_Listed records_
************

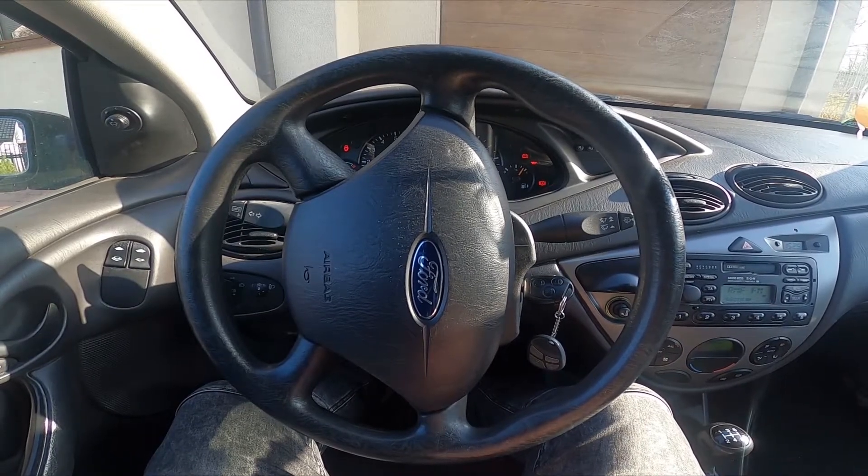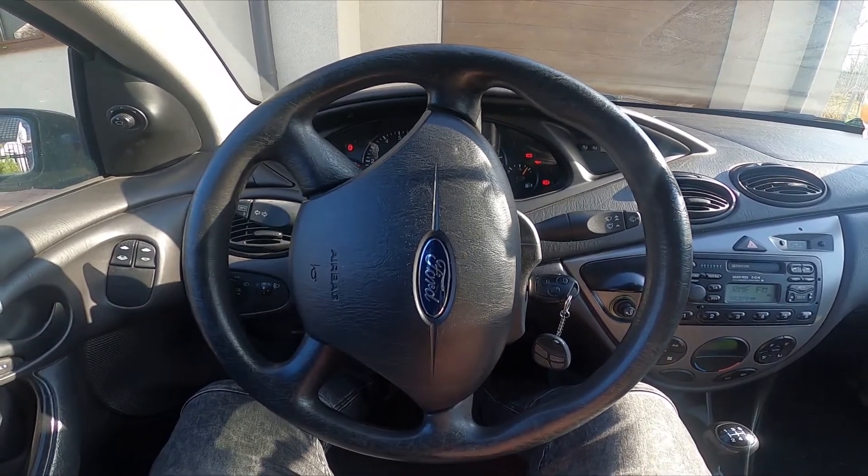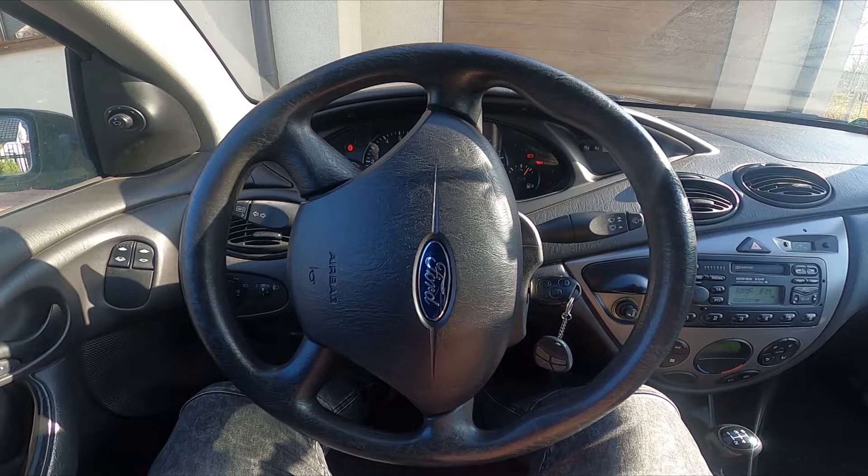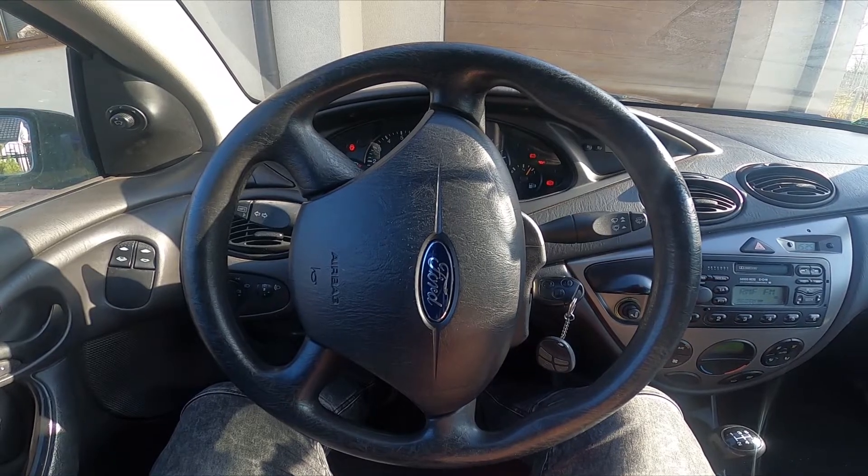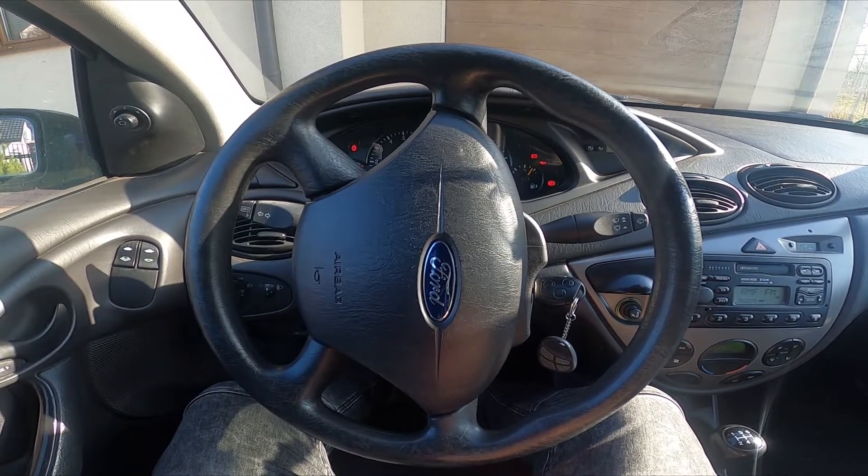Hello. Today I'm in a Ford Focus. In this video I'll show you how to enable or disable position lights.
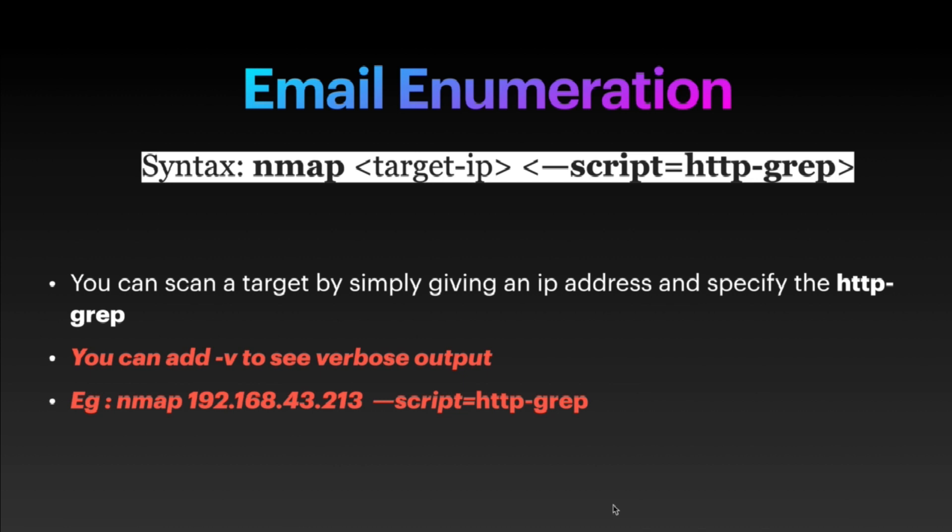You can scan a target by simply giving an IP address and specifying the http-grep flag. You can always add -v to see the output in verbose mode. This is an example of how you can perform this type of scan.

************

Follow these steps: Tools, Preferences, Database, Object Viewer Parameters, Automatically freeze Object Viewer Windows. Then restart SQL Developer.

************

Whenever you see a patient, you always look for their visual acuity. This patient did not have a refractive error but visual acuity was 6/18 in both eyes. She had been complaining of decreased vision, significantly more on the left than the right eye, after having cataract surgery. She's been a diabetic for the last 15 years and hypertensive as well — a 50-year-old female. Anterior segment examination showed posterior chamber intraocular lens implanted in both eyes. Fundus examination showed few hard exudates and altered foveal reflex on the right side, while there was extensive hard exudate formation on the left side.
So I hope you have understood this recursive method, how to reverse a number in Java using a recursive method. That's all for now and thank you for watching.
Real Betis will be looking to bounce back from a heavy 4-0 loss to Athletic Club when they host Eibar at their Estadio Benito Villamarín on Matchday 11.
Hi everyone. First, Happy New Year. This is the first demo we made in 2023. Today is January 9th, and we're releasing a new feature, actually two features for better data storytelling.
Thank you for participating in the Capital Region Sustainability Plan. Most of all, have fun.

************

_Your task_
With the pictures omitted, restate word for word the lines above from the line that has "Hello. Today I'm" up to and including the line that has "You can scan", and no other lines.

_Output for this task_
Hello. Today I'm in a Ford Focus. In this video I'll show you how to enable or disable position lights.
You can scan a target by simply giving an IP address and specifying the http-grep flag. You can always add -v to see the output in verbose mode. This is an example of how you can perform this type of scan.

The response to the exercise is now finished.